━━━ TASK INPUT

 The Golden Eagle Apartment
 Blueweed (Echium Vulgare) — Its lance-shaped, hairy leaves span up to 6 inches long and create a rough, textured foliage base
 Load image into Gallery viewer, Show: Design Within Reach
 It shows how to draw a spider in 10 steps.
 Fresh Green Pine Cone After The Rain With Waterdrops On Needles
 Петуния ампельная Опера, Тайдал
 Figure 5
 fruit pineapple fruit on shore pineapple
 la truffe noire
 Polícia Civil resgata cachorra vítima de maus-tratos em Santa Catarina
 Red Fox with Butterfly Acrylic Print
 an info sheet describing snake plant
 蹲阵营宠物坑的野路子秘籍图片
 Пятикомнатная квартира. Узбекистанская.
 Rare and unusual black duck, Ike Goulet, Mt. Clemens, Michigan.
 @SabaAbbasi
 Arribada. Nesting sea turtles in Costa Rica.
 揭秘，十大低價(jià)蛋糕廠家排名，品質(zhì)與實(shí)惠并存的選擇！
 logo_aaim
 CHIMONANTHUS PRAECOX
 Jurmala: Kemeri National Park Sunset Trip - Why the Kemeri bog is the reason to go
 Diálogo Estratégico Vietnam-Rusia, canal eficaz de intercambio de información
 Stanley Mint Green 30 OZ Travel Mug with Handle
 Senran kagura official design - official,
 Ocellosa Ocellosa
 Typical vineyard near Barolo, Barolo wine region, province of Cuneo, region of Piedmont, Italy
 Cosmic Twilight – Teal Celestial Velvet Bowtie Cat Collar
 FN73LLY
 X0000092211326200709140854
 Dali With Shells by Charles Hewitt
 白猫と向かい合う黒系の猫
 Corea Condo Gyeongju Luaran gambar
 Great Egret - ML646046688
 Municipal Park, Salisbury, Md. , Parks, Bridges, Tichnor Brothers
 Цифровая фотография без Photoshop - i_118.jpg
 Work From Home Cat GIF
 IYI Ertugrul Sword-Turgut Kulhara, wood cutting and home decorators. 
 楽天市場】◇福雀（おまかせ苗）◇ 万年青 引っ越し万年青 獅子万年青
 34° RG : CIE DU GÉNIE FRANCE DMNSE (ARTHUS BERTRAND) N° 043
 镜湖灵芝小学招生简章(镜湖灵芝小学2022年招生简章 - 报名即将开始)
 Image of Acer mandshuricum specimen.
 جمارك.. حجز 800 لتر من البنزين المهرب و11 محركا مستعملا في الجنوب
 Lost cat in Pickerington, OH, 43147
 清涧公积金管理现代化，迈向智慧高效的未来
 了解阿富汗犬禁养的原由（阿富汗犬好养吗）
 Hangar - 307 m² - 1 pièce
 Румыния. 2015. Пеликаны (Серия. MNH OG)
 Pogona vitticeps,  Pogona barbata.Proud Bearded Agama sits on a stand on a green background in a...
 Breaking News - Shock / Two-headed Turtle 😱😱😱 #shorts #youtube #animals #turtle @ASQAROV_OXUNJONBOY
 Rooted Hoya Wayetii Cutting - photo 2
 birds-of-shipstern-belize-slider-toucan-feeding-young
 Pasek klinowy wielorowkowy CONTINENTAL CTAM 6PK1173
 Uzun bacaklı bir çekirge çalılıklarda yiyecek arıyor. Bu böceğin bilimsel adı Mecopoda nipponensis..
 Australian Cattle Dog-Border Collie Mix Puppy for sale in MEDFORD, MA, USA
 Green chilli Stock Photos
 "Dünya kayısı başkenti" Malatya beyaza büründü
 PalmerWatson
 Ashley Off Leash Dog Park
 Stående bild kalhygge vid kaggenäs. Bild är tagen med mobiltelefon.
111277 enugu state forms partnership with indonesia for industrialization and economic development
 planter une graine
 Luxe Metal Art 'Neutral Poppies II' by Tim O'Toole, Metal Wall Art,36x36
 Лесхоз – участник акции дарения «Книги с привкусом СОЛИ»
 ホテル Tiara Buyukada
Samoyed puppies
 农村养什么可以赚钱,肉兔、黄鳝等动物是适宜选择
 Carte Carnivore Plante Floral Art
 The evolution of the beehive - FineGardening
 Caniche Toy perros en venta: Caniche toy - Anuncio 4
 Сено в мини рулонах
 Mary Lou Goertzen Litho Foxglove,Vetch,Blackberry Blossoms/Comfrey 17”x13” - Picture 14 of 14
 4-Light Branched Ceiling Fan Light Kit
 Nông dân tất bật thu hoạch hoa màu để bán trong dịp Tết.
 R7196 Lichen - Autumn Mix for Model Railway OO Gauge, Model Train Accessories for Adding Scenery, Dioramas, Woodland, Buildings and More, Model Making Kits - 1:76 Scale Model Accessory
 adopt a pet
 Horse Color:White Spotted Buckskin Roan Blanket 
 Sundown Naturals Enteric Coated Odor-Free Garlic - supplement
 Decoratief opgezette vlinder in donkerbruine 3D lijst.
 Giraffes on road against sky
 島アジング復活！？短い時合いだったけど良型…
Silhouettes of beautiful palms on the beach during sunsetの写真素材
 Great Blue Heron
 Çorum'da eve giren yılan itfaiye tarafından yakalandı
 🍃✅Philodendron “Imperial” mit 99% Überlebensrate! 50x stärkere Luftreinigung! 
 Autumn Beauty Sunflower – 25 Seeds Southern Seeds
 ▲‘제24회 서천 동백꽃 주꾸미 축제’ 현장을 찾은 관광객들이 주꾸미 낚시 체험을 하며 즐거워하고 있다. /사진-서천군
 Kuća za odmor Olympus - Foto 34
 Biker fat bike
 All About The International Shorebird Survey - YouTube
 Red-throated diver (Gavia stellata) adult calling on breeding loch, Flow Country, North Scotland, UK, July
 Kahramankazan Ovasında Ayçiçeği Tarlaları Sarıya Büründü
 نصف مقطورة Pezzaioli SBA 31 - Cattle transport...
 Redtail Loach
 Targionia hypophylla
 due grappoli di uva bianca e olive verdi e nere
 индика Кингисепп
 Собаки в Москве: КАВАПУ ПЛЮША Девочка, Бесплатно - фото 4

━━━━━━

* [TASK TO COMPLETE] Return the line where "adopt a pet" appears, then every line after it to the end of the listing, all exactly as written.

* [TASK OUTPUT]
 adopt a pet
 Horse Color:White Spotted Buckskin Roan Blanket 
 Sundown Naturals Enteric Coated Odor-Free Garlic - supplement
 Decoratief opgezette vlinder in donkerbruine 3D lijst.
 Giraffes on road against sky
 島アジング復活！？短い時合いだったけど良型…
Silhouettes of beautiful palms on the beach during sunsetの写真素材
 Great Blue Heron
 Çorum'da eve giren yılan itfaiye tarafından yakalandı
 🍃✅Philodendron “Imperial” mit 99% Überlebensrate! 50x stärkere Luftreinigung! 
 Autumn Beauty Sunflower – 25 Seeds Southern Seeds
 ▲‘제24회 서천 동백꽃 주꾸미 축제’ 현장을 찾은 관광객들이 주꾸미 낚시 체험을 하며 즐거워하고 있다. /사진-서천군
 Kuća za odmor Olympus - Foto 34
 Biker fat bike
 All About The International Shorebird Survey - YouTube
 Red-throated diver (Gavia stellata) adult calling on breeding loch, Flow Country, North Scotland, UK, July
 Kahramankazan Ovasında Ayçiçeği Tarlaları Sarıya Büründü
 نصف مقطورة Pezzaioli SBA 31 - Cattle transport...
 Redtail Loach
 Targionia hypophylla
 due grappoli di uva bianca e olive verdi e nere
 индика Кингисепп
 Собаки в Москве: КАВАПУ ПЛЮША Девочка, Бесплатно - фото 4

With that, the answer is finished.